En quoi votre découverte est une première ?

C'était une première parce que c'est une petite planète. Les planètes rocheuses et tempérées comme la Terre sont de petits éléments par rapport à tout ce qui existe dans l'univers. Et c’est grâce au James Webb que nous avons pu déterminer la température de cette planète, qui est de 230 degrés Kelvin.

Chez nous, la température est d’une vingtaine de degrés en moyenne. Donc on se demande ce qui fait qu'une planète peut être plus chaude que Mercure, la première planète du système solaire. De quoi est-elle constituée ? Est-ce qu'elle a une atmosphère ? Ça ouvre tout un tas de questions sur les planètes comme la nôtre.

Comme il s’agit de la première planète, c'est la plus facile à étudier. Les autres sont tellement loin derrière que c'est très complexe. Si on sait que la première est à telle température, on se dit que celles qui suivent sont forcément plus froides, etc. Donc c'est une porte d'entrée. C'est la meilleure image qu'on a de ce qu'on fait.

Quelle a été votre réaction en apprenant la nouvelle ? Avez-vous rencontré des difficultés dans votre parcours scientifique en tant que femme ?

C'est un honneur d'avoir reçu ce prix. Pour être honnête, c'est une très grande reconnaissance de nos travaux. En plus, c'est accompagné d'une dotation, ce qui permet de financer des projets concrets par la suite. Pour moi, l'aspect très technique et très concret est vraiment primordial.

Ensuite, ce prix représente beaucoup de choses, et notamment la place des femmes en science. C'est une réalité terrain. Nous sommes trois filles dans notre labo, donc très peu nombreuses par rapport aux hommes.

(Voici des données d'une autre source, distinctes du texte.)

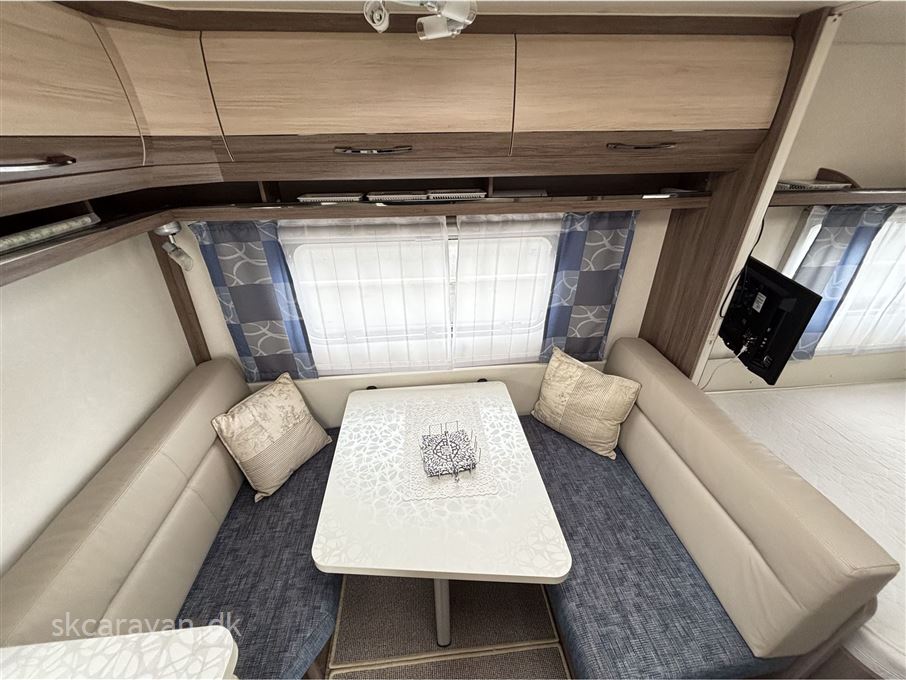 Hobby De Luxe Easy 400 SFE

Au quotidien, cela se passe très bien, mais quand on est jeune et qu'on cherche sa voie, on ne pense pas forcément à ces métiers-là parce qu'on ne voit pas de femmes.

Le point positif dans le fait d’avoir obtenu ce prix c’est aussi de pouvoir aller dans les écoles, les collèges, les lycées pour discuter, présenter et montrer que c’est accessible. L’astrophysique est une matière qui fait un peu peur. On me dit souvent que l’on doit être très intelligent pour s’y consacrer. Je pense que ce n’est pas vrai. Ce qui compte, c'est de travailler, comme dans tous les métiers. On peut vouloir faire des études, mais certaines personnes ne le souhaitent pas forcément. Donc mon objectif, c'est aussi de montrer que c'est accessible parce qu'il y a une large palette de métiers possibles si on aime le spatial, l'astronomie.


Le programme “L’Oréal-Unesco pour les femmes et la science”

Les organisateurs du programme considèrent que les femmes sont encore trop peu présentes dans la recherche scientifique : elles ne représentent que 29 % des chercheurs, contre 33,3% au niveau mondial. Aussi, depuis 1998, le programme “L’Oréal-Unesco pour les femmes et la science” a pour vocation d’accélérer les carrières des femmes scientifiques et de lutter contre les obstacles qu’elles rencontrent, “pour qu’elles puissent contribuer à la résolution des grands défis de notre temps”.

En 25 ans, le programme a soutenu plus de 4100 chercheuses originaires de plus de 110 pays. Les lauréates bénéficient d’une dotation de 15 000 euros pour les doctorantes et de 20 000 euros pour les post-doctorantes, pour les aider à poursuivre leurs travaux de recherche. Elles profitent aussi de formations au leadership pour les aider à affronter le plafond de verre et à mieux valoriser leurs recherches.